A.J. Pierzynski is roughly 45,000 years old. 

He watched mankind transition from caves to yurts, stop eating cud for sustenance and develop vestigial organs. He played in the first game of baseball, using a raw, bone-in ribeye as a catching glove, and is now at an age where getting run down by other hieroglyphics like Bartolo Colon is something he has to deal with.

Over this period of tectonic plate movement and mountain formation, Pierzynski has developed a bag of tricks and a weird sense of humor. These are requisite characteristics for any lasting catcher, and he can’t help himself but try to get a yuck out of the umpires.

Thus we go to Monday night’s game against the San Francisco Giants, where the Atlanta Braves catcher played both hero and court jester during Atlanta’s 12-inning comeback.

The joking came in the top of the eighth, when David Aardsma bounced a pitch a comical distance from the plate. It wasn’t in the neighborhood of the strike zone, but Pierzynski tried his best to salvage the ball, framing the bouncer and holding it up in the sweet spot.

“Sure, it bounced, but look how perfectly it bounced,” he may have said to the home plate umpire. “That’s a bounce-strike if I’ve ever seen one.”

The umpire didn’t bite, unfortunately, because creativity is a little-rewarded virtue at the plate. 

In any case, Pierzynski dusted himself off and pulled out some clutch hitting on the night. He smacked a two-run homer off Santiago Casilla with two outs in the bottom of the ninth, sending the game into extra innings.

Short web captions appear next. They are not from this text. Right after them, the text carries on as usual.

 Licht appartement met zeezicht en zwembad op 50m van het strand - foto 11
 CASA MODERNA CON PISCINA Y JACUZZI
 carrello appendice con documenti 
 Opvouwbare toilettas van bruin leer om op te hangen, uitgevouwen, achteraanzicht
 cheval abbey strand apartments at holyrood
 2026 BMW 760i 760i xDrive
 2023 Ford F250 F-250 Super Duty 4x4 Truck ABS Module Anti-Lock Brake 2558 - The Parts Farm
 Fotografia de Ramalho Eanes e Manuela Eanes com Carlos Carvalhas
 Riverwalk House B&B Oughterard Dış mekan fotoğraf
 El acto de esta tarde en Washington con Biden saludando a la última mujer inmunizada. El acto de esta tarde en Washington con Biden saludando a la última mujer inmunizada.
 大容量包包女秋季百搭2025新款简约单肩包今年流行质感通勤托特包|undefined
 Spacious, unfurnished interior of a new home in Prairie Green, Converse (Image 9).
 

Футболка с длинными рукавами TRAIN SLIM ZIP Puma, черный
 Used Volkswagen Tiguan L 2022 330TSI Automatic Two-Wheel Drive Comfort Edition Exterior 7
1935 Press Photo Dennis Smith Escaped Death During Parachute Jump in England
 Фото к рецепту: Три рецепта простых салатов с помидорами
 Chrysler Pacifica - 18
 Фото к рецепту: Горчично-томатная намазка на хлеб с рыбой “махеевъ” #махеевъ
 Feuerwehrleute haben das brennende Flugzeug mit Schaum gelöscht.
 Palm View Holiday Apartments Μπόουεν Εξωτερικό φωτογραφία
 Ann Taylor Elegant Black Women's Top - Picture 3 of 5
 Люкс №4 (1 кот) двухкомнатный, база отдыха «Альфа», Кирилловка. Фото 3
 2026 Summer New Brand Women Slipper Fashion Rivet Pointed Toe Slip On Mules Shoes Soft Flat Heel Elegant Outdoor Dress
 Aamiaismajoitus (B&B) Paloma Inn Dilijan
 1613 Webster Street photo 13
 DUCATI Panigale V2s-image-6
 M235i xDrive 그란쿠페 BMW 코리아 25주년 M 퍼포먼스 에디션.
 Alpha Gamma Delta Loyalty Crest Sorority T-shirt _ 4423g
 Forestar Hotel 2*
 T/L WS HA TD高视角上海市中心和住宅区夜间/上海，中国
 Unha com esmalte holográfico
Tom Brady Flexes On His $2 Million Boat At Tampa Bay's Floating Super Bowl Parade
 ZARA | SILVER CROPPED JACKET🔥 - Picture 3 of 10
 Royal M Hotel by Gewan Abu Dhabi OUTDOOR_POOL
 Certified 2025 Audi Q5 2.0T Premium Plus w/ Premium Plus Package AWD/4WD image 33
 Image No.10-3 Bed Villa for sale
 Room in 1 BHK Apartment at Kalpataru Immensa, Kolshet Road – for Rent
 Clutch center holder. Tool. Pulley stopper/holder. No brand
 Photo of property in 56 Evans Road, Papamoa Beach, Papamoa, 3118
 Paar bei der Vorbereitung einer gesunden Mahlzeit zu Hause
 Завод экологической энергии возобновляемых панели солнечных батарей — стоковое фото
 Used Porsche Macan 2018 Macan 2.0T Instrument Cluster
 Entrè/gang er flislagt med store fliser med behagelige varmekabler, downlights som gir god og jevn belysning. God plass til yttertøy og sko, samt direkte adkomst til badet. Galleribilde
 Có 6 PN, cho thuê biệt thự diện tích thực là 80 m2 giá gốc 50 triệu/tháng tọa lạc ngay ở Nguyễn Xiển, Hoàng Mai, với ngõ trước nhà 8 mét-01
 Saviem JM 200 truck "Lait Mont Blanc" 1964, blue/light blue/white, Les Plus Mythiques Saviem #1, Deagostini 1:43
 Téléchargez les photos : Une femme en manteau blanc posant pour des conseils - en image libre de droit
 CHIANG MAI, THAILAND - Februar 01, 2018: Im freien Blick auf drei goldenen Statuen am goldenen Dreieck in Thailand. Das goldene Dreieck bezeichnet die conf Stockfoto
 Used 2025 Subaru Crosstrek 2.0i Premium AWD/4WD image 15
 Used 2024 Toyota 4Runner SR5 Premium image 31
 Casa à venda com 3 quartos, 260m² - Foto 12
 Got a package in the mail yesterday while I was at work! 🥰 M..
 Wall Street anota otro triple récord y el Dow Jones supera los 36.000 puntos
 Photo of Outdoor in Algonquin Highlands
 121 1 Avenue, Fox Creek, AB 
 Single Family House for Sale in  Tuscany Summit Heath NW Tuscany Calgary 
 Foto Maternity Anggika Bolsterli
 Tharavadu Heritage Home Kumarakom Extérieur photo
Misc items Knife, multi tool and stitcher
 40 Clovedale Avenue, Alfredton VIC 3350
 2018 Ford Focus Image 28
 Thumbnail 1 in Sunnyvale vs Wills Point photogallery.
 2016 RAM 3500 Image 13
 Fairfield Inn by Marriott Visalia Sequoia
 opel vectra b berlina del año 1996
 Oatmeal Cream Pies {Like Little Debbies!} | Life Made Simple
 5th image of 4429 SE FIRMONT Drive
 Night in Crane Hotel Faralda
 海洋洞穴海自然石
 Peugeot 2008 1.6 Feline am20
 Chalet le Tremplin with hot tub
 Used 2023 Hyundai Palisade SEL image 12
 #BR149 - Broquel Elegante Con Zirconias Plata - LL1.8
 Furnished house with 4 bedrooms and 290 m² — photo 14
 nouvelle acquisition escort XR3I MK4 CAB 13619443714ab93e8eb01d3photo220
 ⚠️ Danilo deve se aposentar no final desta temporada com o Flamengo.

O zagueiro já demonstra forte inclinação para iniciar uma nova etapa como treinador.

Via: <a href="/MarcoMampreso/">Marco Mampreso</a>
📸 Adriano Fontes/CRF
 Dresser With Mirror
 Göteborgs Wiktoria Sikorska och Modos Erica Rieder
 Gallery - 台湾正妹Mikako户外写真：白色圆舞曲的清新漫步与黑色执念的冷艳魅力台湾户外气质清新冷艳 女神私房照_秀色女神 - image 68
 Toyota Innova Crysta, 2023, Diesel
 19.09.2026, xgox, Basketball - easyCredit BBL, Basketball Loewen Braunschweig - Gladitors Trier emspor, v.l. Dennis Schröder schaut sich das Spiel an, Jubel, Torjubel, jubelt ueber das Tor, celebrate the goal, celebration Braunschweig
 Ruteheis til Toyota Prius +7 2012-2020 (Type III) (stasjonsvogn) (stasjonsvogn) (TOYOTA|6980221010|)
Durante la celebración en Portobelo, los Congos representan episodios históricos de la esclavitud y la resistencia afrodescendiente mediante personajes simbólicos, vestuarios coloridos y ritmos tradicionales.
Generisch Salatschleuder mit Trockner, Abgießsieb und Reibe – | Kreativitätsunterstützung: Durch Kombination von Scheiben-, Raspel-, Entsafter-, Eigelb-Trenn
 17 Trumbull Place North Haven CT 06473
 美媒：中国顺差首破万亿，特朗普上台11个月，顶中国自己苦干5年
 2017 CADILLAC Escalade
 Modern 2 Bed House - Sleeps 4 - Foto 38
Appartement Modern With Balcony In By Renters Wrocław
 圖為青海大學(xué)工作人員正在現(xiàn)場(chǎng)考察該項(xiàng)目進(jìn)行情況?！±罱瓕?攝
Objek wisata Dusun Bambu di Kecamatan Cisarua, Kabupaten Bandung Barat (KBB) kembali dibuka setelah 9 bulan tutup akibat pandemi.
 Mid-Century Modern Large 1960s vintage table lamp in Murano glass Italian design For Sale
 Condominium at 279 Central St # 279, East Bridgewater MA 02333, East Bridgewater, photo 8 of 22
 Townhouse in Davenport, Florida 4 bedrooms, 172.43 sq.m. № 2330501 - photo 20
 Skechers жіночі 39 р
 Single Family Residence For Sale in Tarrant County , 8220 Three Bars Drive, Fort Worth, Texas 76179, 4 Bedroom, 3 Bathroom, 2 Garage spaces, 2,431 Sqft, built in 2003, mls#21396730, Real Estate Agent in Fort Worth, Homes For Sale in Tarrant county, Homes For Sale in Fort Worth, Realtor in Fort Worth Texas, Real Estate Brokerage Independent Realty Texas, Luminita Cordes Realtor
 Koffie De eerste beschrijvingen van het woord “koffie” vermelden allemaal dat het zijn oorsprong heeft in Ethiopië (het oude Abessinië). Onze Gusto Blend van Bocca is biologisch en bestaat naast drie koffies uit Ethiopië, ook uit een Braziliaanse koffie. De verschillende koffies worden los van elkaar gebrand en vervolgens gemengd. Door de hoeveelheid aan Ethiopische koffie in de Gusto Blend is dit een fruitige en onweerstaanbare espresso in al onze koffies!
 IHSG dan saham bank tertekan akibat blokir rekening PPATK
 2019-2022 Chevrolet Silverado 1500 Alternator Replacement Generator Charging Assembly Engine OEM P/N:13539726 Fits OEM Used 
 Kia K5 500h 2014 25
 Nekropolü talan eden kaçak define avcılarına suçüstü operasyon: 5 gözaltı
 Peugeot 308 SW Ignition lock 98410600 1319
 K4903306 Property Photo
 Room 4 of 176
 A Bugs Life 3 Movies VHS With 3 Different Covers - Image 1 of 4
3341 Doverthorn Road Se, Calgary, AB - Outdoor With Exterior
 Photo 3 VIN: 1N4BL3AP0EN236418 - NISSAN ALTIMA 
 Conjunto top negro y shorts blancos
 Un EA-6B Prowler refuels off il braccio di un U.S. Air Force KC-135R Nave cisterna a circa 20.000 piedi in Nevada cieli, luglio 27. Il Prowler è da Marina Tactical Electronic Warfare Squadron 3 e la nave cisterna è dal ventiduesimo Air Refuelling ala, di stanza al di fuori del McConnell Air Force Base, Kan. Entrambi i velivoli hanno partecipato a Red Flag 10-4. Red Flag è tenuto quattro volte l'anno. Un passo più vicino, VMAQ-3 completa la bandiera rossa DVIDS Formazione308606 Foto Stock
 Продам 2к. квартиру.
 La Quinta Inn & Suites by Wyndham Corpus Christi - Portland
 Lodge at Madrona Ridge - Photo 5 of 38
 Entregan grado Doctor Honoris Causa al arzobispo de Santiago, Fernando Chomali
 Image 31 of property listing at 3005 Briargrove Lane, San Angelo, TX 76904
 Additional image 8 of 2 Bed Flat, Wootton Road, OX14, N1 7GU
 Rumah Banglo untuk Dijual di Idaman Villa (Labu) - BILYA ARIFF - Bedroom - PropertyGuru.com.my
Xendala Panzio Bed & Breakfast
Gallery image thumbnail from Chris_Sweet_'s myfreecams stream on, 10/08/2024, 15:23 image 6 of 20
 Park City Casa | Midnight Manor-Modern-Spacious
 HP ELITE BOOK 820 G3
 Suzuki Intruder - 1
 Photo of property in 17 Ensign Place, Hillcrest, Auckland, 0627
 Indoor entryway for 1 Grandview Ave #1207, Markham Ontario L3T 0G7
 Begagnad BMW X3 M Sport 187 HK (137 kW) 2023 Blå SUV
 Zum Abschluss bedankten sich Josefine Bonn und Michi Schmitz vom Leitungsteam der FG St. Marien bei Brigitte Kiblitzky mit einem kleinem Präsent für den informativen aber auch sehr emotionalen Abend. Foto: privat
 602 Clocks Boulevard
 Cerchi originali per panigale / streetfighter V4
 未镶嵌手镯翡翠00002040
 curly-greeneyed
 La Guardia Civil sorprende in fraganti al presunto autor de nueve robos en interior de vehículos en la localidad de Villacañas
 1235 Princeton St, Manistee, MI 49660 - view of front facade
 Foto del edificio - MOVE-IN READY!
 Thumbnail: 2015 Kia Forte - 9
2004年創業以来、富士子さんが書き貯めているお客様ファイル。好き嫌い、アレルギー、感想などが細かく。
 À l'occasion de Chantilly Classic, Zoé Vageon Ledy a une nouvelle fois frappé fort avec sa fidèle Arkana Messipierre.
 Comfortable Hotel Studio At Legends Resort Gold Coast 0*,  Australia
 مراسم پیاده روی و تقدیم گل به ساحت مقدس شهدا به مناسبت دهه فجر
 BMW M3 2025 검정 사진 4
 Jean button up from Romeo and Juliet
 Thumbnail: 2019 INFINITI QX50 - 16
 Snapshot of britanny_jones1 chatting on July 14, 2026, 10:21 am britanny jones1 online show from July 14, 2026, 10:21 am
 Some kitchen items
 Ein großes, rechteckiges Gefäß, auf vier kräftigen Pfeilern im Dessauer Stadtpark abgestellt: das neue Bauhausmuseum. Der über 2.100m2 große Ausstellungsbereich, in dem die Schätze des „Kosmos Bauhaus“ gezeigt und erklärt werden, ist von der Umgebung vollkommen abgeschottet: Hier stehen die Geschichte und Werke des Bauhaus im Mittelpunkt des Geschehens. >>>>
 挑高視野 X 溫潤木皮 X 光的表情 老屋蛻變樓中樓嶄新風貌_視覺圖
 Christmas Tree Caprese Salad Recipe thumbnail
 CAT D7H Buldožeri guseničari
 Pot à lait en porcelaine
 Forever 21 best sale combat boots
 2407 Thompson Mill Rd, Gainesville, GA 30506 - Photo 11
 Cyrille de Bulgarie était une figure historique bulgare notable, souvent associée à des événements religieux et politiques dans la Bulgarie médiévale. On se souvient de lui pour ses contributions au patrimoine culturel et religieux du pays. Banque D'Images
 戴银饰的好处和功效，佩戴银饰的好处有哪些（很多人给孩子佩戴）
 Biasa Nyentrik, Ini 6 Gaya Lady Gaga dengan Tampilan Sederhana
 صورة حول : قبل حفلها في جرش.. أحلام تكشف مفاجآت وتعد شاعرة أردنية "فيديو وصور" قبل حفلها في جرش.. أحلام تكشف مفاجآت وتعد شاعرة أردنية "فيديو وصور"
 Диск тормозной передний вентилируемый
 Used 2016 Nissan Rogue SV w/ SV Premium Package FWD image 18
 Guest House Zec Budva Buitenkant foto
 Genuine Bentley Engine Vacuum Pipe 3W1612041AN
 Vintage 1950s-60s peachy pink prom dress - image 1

The Braves would eventually win on an Adonis Garcia two-run homer in the 12th. 

After the game, Braves infielder Chris Johnson praised Pierzynski for dusting off his old bones and pulling out some magic.

“He’s been swinging the bat well,” Johnson told Matthew Bain of the Atlanta Journal-Constitution. “He’s come up with a lot of big hits this year for us. That guy’s been around 20, 30 years in the major leagues. It’s about time he does something good.”

Pierzynski lives! As does the Braves offense! For now-ish!